[Exercise details]
Among the records that follow, set down only the lines from the one containing "this 648×373 image." to the one containing "this 100×67 image.", both included, exactly.
** Opening Working data block **
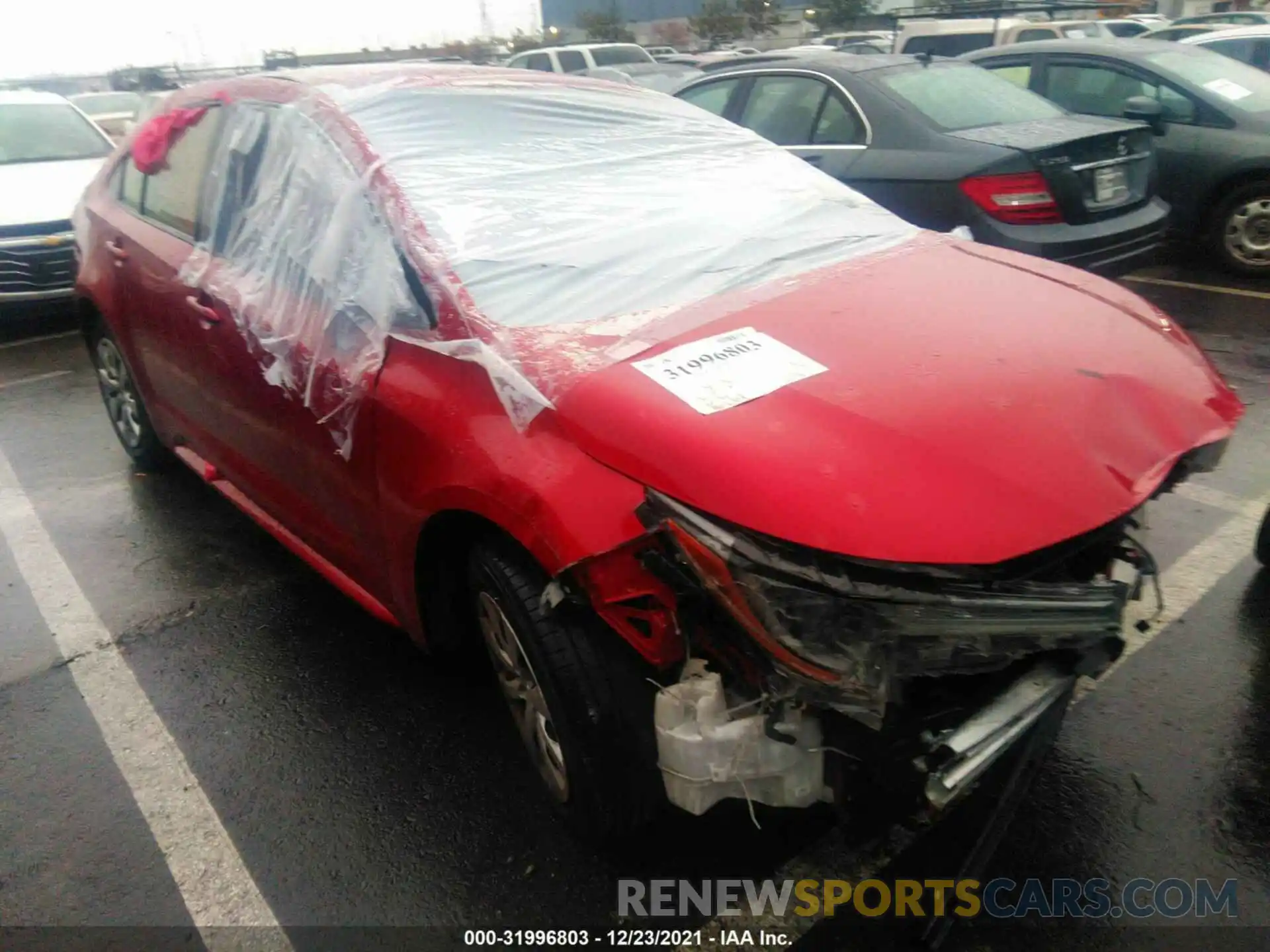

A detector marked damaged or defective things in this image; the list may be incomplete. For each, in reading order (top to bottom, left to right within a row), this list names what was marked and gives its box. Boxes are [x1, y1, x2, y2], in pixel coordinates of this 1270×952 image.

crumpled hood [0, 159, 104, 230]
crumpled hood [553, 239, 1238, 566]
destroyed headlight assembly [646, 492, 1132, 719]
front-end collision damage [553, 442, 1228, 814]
** Closing Working data block **
** Opening Working data block **
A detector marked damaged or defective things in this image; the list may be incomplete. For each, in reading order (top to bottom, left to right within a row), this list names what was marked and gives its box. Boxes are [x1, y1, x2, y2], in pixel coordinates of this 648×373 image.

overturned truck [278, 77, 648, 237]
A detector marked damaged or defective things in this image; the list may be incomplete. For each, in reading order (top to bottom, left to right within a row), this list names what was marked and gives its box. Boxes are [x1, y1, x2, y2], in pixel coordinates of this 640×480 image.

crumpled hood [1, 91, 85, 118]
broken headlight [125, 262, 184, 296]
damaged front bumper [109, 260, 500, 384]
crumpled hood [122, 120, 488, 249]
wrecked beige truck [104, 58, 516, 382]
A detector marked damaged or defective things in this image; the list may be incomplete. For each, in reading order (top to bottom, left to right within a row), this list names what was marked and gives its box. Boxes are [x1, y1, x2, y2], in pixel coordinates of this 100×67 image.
** Closing Working data block **
[Task solution]
A detector marked damaged or defective things in this image; the list may be incomplete. For each, in reading order (top to bottom, left to right within a row), this list names what was marked and gives its box. Boxes are [x1, y1, x2, y2], in pixel coordinates of this 648×373 image.

overturned truck [278, 77, 648, 237]
A detector marked damaged or defective things in this image; the list may be incomplete. For each, in reading order (top to bottom, left to right within a row), this list names what was marked and gives its box. Boxes are [x1, y1, x2, y2], in pixel coordinates of this 640×480 image.

crumpled hood [1, 91, 85, 118]
broken headlight [125, 262, 184, 296]
damaged front bumper [109, 260, 500, 384]
crumpled hood [122, 120, 488, 249]
wrecked beige truck [104, 58, 516, 382]
A detector marked damaged or defective things in this image; the list may be incomplete. For each, in reading order (top to bottom, left to right within a row), this list names what was marked and gives its box. Boxes are [x1, y1, x2, y2], in pixel coordinates of this 100×67 image.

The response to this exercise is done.